- L’inflation en Tunisie a poursuivi son ralentissement en juin 2026 pour s’établir à 5,3 % sur un an, contre un niveau plus élevé les mois précédents, selon les dernières données de l’Institut national de la statistique (INS).
- Si la décélération des prix alimentaires contribue à cette amélioration, les hausses dans les services, l’habillement et l’hébergement continuent d’alimenter les tensions inflationnistes.
L’inflation ralentit sous l’effet d’une hausse moins marquée des prix alimentaires. L’inflation annuelle en Tunisie a atteint 5,3 % en juin 2026, d’après les indicateurs des prix à la consommation publiés par l’Institut national de la statistique (INS). Ce ralentissement s’explique principalement par une progression moins rapide des prix des produits alimentaires, même si certaines catégories de biens et de services continuent d’exercer une pression sur le coût de la vie.
Le rythme de hausse du groupe « Alimentation et boissons » est ainsi revenu à 7,1 % en juin, contre 8,2 % en mai. À l’inverse, les prix du tabac ont légèrement accéléré, passant de 0,8 % à 1 % sur un an, tandis que ceux du groupe « Loisirs et culture » ont progressé de 4,4 %, contre 4,3 % le mois précédent.
Les produits alimentaires restent les principaux moteurs de la hausse des prix
Malgré leur ralentissement, les produits alimentaires demeurent le principal facteur de l’inflation.

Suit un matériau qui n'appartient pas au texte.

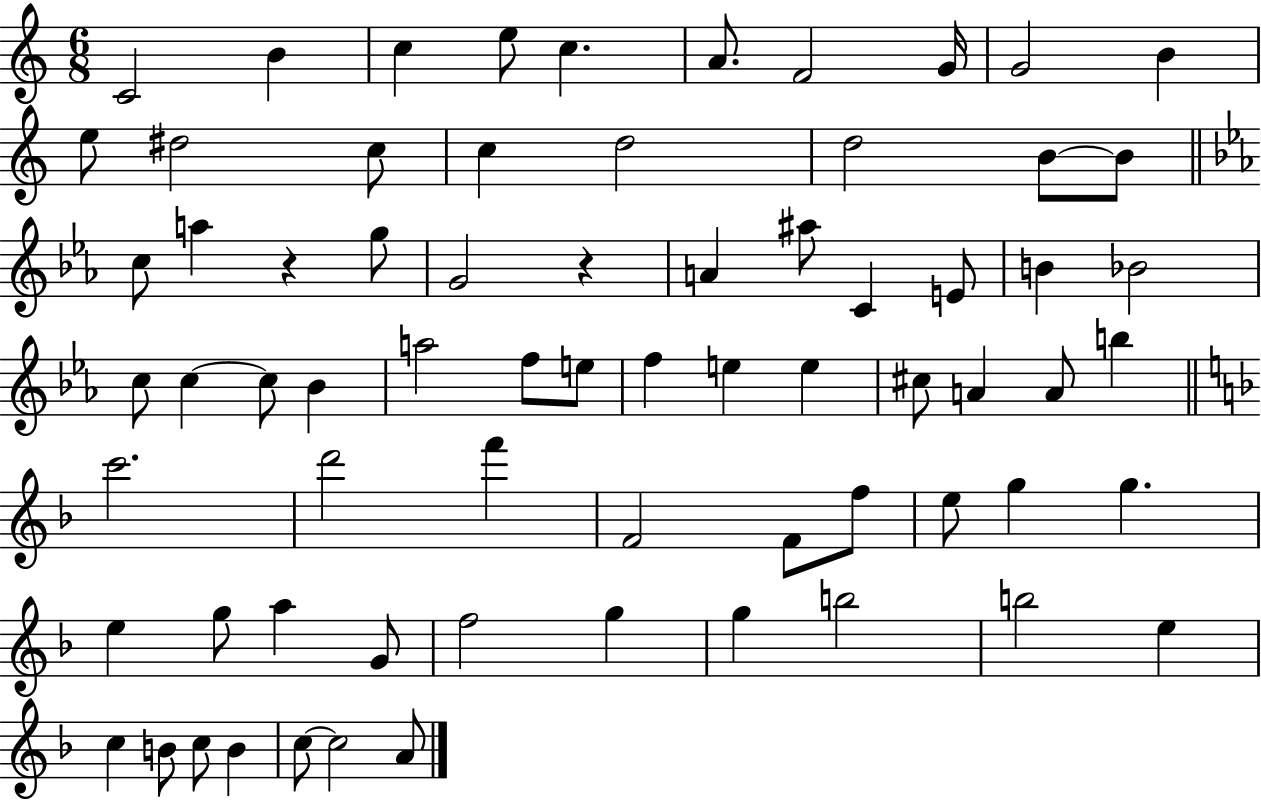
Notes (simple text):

C4/h B4/q C5/q E5/e C5/q. A4/e. F4/h G4/s G4/h B4/q E5/e D#5/h C5/e C5/q D5/h D5/h B4/e B4/e C5/e A5/q R/q G5/e G4/h R/q A4/q A#5/e C4/q E4/e B4/q Bb4/h C5/e C5/q C5/e Bb4/q A5/h F5/e E5/e F5/q E5/q E5/q C#5/e A4/q A4/e B5/q C6/h. D6/h F6/q F4/h F4/e F5/e E5/e G5/q G5/q. E5/q G5/e A5/q G4/e F5/h G5/q G5/q B5/h B5/h E5/q C5/q B4/e C5/e B4/q C5/e C5/h A4/e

La hausse des prix alimentaires reste toutefois soutenue. Les viandes demeurent parmi les produits les plus inflationnistes, avec une envolée de 18,3 % pour la viande ovine, de 13,6 % pour la viande bovine et de 13,5 % pour la volaille. Les poissons frais (+11,7 %) et les fruits frais (+11 %) suivent la même tendance. À contre-courant, les huiles alimentaires et les œufs voient leurs prix diminuer respectivement de 5,5 % et 3,1 %.
Les services et les produits manufacturés entretiennent les tensions inflationnistes
Au-delà de l’alimentation, les prix des produits manufacturés ont progressé de 4,7 % sur un an, sous l’effet de la hausse des prix de l’habillement et des chaussures (+9,2 %) ainsi que des produits d’entretien courant du foyer (+4,7 %).
Les services affichent pour leur part une hausse annuelle de 4,3 %, principalement tirée par les services d’hébergement, dont les prix bondissent de 15,4 %.
Selon l’INS, ces deux catégories constituent les principaux contributeurs à l’inflation globale, avec 1,8 point pour les produits manufacturés et 1,4 point pour les services.
L’inflation sous-jacente poursuit sa progression
L’indicateur d’inflation sous-jacente, calculé hors produits alimentaires et énergie, poursuit sa légère remontée. Il atteint 4,9 % en juin, contre 4,8 % en mai, signe que les tensions sur les prix restent présentes au-delà des composantes les plus volatiles.
L’INS relève également un fort écart entre les produits soumis à des prix administrés et ceux évoluant librement sur le marché. Les produits libres enregistrent une hausse annuelle de 6,3 %, contre seulement 1,3 % pour les produits encadrés.
Concernant les seuls produits alimentaires, l’écart est encore plus marqué : les prix des produits libres augmentent de 8 %, contre 0,2 % pour les produits alimentaires à prix réglementés.
Une hausse limitée des prix en rythme mensuel
Sur un mois, l’indice des prix à la consommation a progressé de 0,2 % en juin. Cette évolution est principalement portée par la hausse des prix du groupe « Habillement et chaussures » (+1,7 %), avec une augmentation de 1,9 % pour les vêtements et de 1,4 % pour les chaussures. Le groupe « Restaurants, cafés et hôtels » progresse également de 1 %, sous l’effet d’une hausse de 4,6 % des services d’hébergement.
À l’inverse, les prix du groupe « Alimentation et boissons » reculent de 0,9 % sur un mois. Cette baisse est liée au repli des prix de plusieurs produits frais, notamment la volaille (-3,1 %), les légumes frais (-2,7 %), les œufs (-2,1 %), les fruits frais (-1,6 %) et la viande ovine (-1,1 %).
Les produits libres demeurent les principaux moteurs de l’inflation
L’analyse par régime de prix confirme que les produits non réglementés continuent de peser le plus lourd dans la dynamique inflationniste. Les groupes « Non alimentaire libre » et « Alimentaire libre » représentent à eux seuls les principales contributions à l’inflation, avec respectivement 3 points et 2 points. Une tendance qui illustre le rôle central des prix de marché dans l’évolution du coût de la vie en Tunisie, malgré le ralentissement observé au cours des derniers mois.